Airing Festivus grievances with the film first, it takes Winnie entirely too long to fully accept her situation, particularly when it's later confirmed that the original "It's a Wonderful Life" does exist in this weird world. There's also a wrinkle, not quite a twist, that most (if not all) of the audience will guess well before it's revealed. "It's a Wonderful Knife" mostly moves at an unhindered pace, which makes it more puzzling that momentum hits such storytelling snags from characters being unusually unable to recognize tropes that are plainly obvious to the viewer.
Although the Naughty side also includes entries like a strangely Stepford-themed finale that comes across closer to a rushed copout than a clever climax, the movie's Nice list runs a lot longer. The well-stacked cast balances fresh faces with a few familiar ones such as Long, McHale, Katharine Isabelle, and William B. Davis sans a Morley cigarette in his mouth. Comparatively speaking, this might be director Tyler MacIntyre's most subdued effort in spite of the far-out fiction, yet he continues to demonstrate a deft hand at blending horror, humor, and thoughtful human drama in reasonable amounts that mix well together more often than they cause a throat to choke.
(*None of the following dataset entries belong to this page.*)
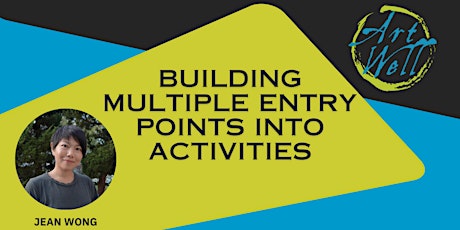ArtWell Skill Build: Building Multiple Entry Points into Activities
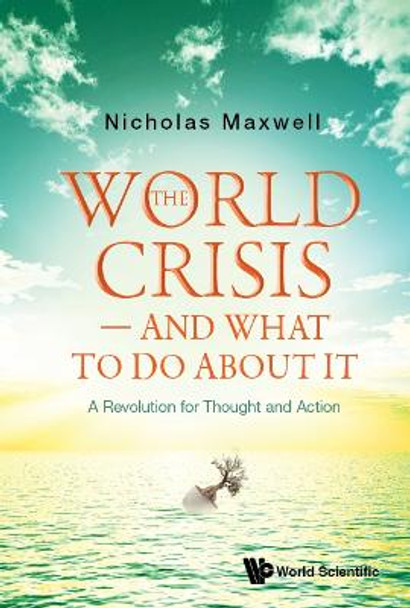 World Crisis, The - And What To Do About It: A Revolution For Thought And Action by Nicholas Maxwell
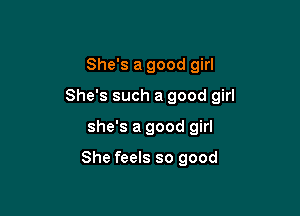 She's a good girl

She's such a good girl

she's a good girl

She feels so good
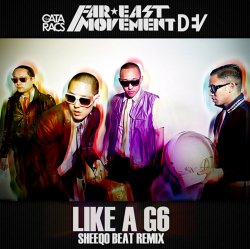 Cover Far East Movement - Like A G6 (Subsonic Voodoo Remix)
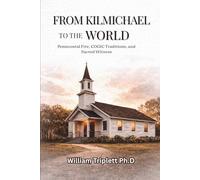 FROM KILMICHAEL TO THE WORLD: Pentecostal Fire, COGIC Traditions, and Sacred Witness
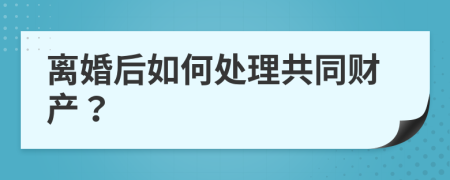 離婚后如何處理共同財(cái)產(chǎn)？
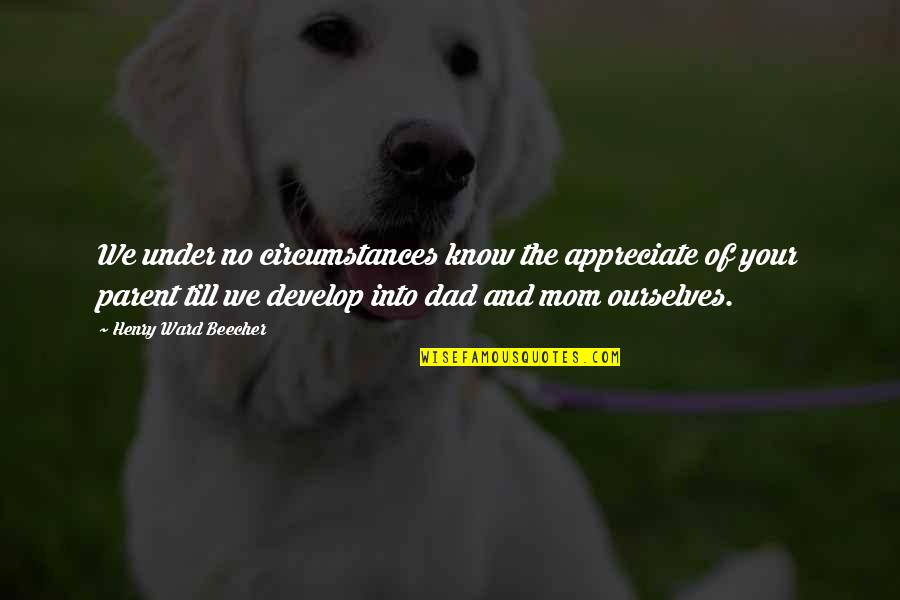 Appreciate Your Dad Quotes By Henry Ward Beecher: We under no circumstances know the appreciate of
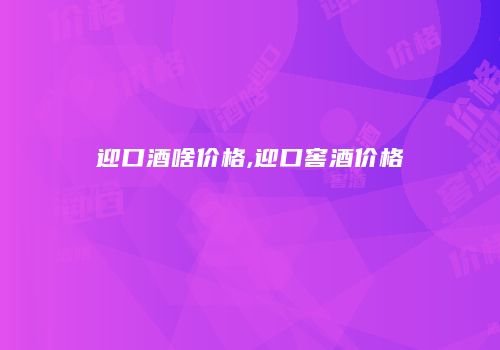 迎口酒啥价格,迎口窖酒价格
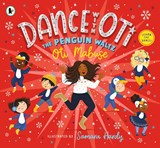 Dance with Oti: The Penguin Waltz - Oti Mabuse - 9781529517750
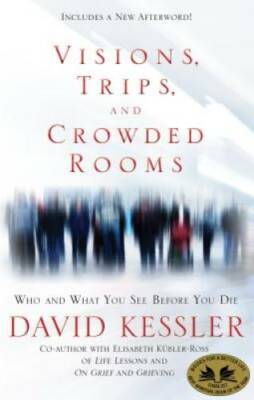 Visions, Trips, and Crowded Rooms: Who and What You See Before You Die - GOOD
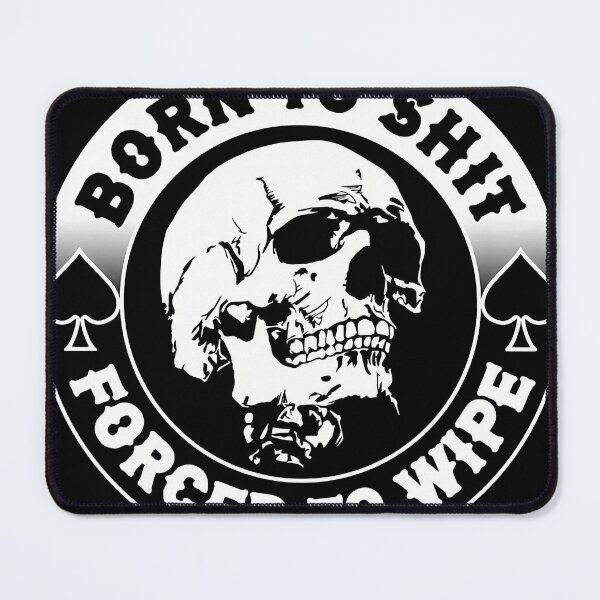 Item preview, Forced To Wipe Meme Skull Badge Motorcycle designed and sold by Ryancia.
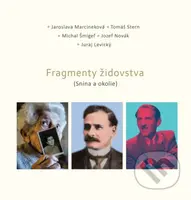 Fragmenty židovstva (Snina a okolie) - Jaroslava Marcineková, Tomáš Stern, Michal Šmigeľ, Jozef Novák, Juraj Levický - kniha z kategorie Historie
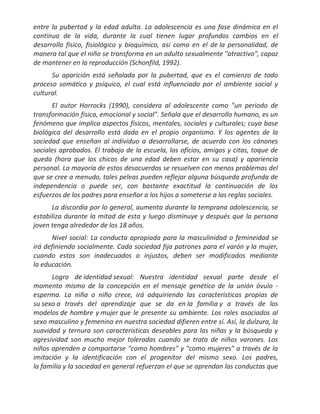 entre la pubertad y la edad adulta. La adolescencia es una fase dinámica en el
continuo de la vida, durante la cual tienen lugar profundos cambios en el
desarrollo físico, fisiológico y bioquímico, así como en el de la personalidad, de
manera tal que el niño se transforma en un adulto sexualmente "atractivo", capaz
de mantener en la reproducción (Schonfild, 1992).
      Su aparición está señalada por la pubertad, que es el comienzo de todo
proceso somático y psíquico, el cual está influenciado por el ambiente social y
cultural.
       El autor Horrocks (1990), considera al adolescente como "un periodo de
transformación física, emocional y social". Señala que el desarrollo humano, es un
fenómeno que implica aspectos físicos, mentales, sociales y culturales; cuya base
biológica del desarrollo está dada en el propio organismo. Y los agentes de la
sociedad que enseñan al individuo a desarrollarse, de acuerdo con los cánones
sociales aprobados. El trabajo de la escuela, los oficios, amigos y citas, toque de
queda (hora que los chicos de una edad deben estar en su casa) y apariencia
personal. La mayoría de estos desacuerdos se resuelven con menos problemas del
que se cree a menudo, tales peleas pueden reflejar alguna búsqueda profunda de
independencia o puede ser, con bastante exactitud la continuación de los
esfuerzos de los padres para enseñar a los hijos a someterse a las reglas sociales.
      La discordia por lo general, aumenta durante la temprana adolescencia, se
estabiliza durante la mitad de esta y luego disminuye y después que la persona
joven tenga alrededor de los 18 años.
      Nivel social: La conducta apropiada para la masculinidad o femineidad se
irá definiendo socialmente. Cada sociedad fija patrones para el varón y la mujer,
cuando estos son inadecuados o injustos, deben ser modificados mediante
la educación.
      Logro de identidad sexual: Nuestra identidad sexual parte desde el
momento mismo de la concepción en el mensaje genético de la unión óvulo -
esperma. La niña o niño crece, irá adquiriendo las características propias de
su sexo a través del aprendizaje que se da en la familia y a través de los
modelos de hombre y mujer que le presente su ambiente. Los roles asociados al
sexo masculino y femenino en nuestra sociedad difieren entre sí. Así, la dulzura, la
suavidad y ternura son características deseables para las niñas y la búsqueda y
agresividad son mucho mejor toleradas cuando se trata de niños varones. Los
niños aprenden a comportarse "como hombres" y "como mujeres" a través de la
imitación y la identificación con el progenitor del mismo sexo. Los padres,
la familia y la sociedad en general refuerzan el que se aprendan las conductas que
 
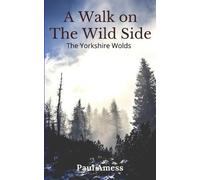 Paul Amess A Walk on the Wild Side (Tascabile) History Walks 1-5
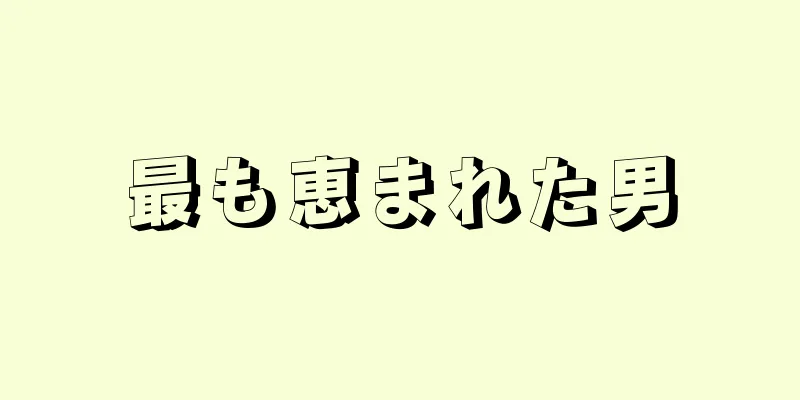 最も恵まれた男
Drink up the movie like a light Christmas cocktail spiking its horror highball with jamon iberico-washed bourbon for just a slight hint of ham. A relative dearth of narrative complications means "It's a Wonderful Knife" goes down smooth and easy at just 82-ish minutes. In a world chock full of shared universes, planned trilogies, and unnecessary sequels, it's refreshing for a seemingly one-and-done movie to come without an end-credits coda, future film tease, or franchising agenda that forcibly pushes 'The Angel' as "the next horror icon." Appealing ingredients like these turn "It's a Wonderful Knife's" festively fun frights into a welcome palate cleanser during a season when it's easy to overeat another platter of seen-before classics and feel-good yuletide romcoms instead.